**EXERCISE OBJECTIVE:**
Write each line below back out exactly, omitting its pictures.

**DATA PROVIDED:**
######

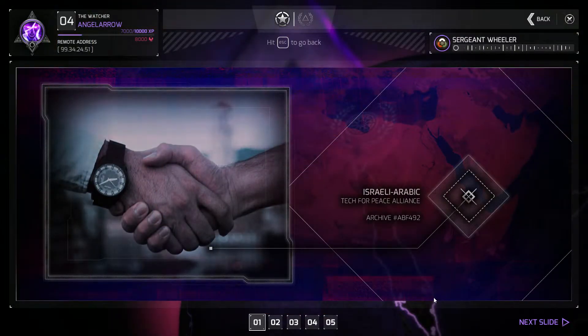Our understanding of HSC's choice of targets is now much clearer. All the companies are part of an important Israeli-Arabic tech initiative. This is a very sensitive area, and any indication that this initiative is under attack could have serious political and military ramifications.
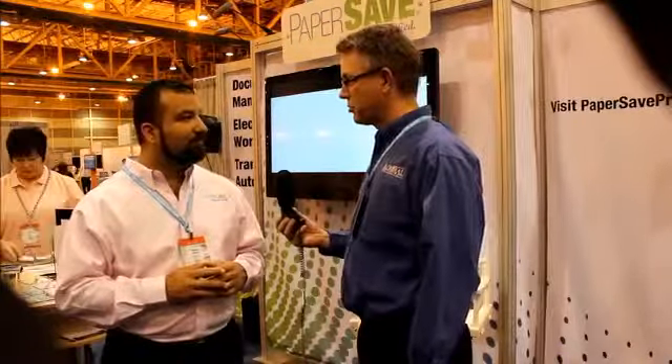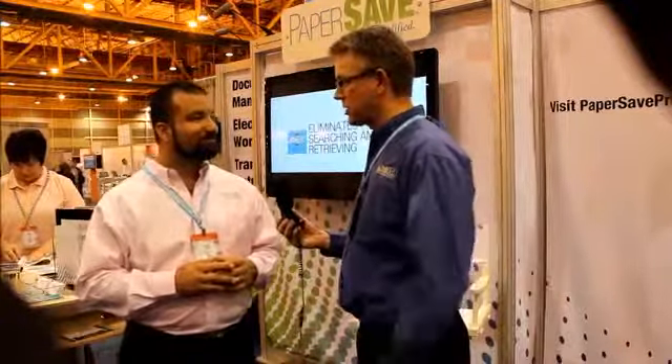There's a lot of paper still in the world, and I know our customers are getting good value out of the software — lots of reasons for our customers to visit with us about PaperSave.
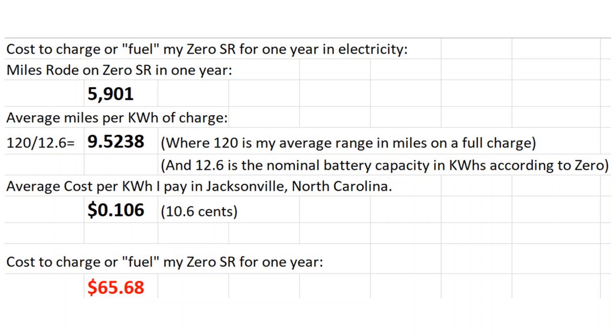Cost to charge or fuel my Zero SR for one year in electricity. I've had the Zero SR for a little over a year. As of today, I've put 5,901 miles on the bike. Then I figured out my average miles per kilowatt hour of charge. Your electricity cost is per kilowatt hour, so I calculated how many miles I go per kilowatt hour. 120 miles is my average range on a full charge, based on how I ride. Divided by 12.6 — 12.6 is the nominal battery capacity in kilowatt hours according to Zero.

######

**SOLUTION FOR THIS TASK:**
Our understanding of HSC's choice of targets is now much clearer. All the companies are part of an important Israeli-Arabic tech initiative. This is a very sensitive area, and any indication that this initiative is under attack could have serious political and military ramifications.
There's a lot of paper still in the world, and I know our customers are getting good value out of the software — lots of reasons for our customers to visit with us about PaperSave.
Cost to charge or fuel my Zero SR for one year in electricity. I've had the Zero SR for a little over a year. As of today, I've put 5,901 miles on the bike. Then I figured out my average miles per kilowatt hour of charge. Your electricity cost is per kilowatt hour, so I calculated how many miles I go per kilowatt hour. 120 miles is my average range on a full charge, based on how I ride. Divided by 12.6 — 12.6 is the nominal battery capacity in kilowatt hours according to Zero.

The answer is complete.